Research Article Volume 2 Issue 5
1Department of Surgery, Noble's Hospital, Isle of Man
2General Surgery Department, TorVergata University Hospital, Italy
3Psychology Department, La Sapienza University, Italy
4General Surgery Department, Aurelia Hospital, Italy
Correspondence: Giovanni D Tebala, Consultant Gastrointestinal Surgeon, Noble?s Hospital, Strang, Douglas, Isle of Man IM4 4RJ, Tel 441624650207, Fax 447624436139
Received: June 15, 2015 | Published: September 4, 2015
Citation: Tebala GD, Tognoni V, Tristram Z, Macciocchi F, Innocenti P (2015) Cyanoacrylate Glue versus Suture Fixation of Mesh in Inguinal Hernia Open Repair: A Randomized Controlled Clinical Trial. Gastroenterol Hepatol Open Access 2(5):00054. DOI: 10.15406/ghoa.2015.02.00054
Background: The Lichtenstein technique for open hernia repair is associated to a high rate of postoperative chronic groin pain, mainly related to the mesh fixation technique. This randomized controlled trial was aimed to compare the classical suture fixation with glue fixation of the mesh.

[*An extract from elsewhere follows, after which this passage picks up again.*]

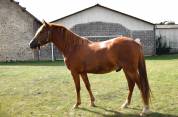 Gelding New Forest For sale 2021 Chesnut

Methods: Forty-five male patients with primary unilateral groin hernia were randomized to undergo open hernia repair with suture fixation (Group A) or cyanoacrylate glue fixation of the mesh (Group B). Primary outcome was early and late postoperative pain. Secondary endpoints were use of painkillers after 24 hours, morbidity rate and recurrence rate.
Results: Early postoperative pain and pain between 48 hours and 1 month after surgery were significantly lower in Group B. Only two patients had chronic pain, and both were in Group A. Clinical recurrences were two, both in Group A.
Conclusion: This trial demonstrates that mesh fixation with glue is a safe procedure that causes less early and late postoperative pain than the classical suture fixation in open mesh repair of groin hernias.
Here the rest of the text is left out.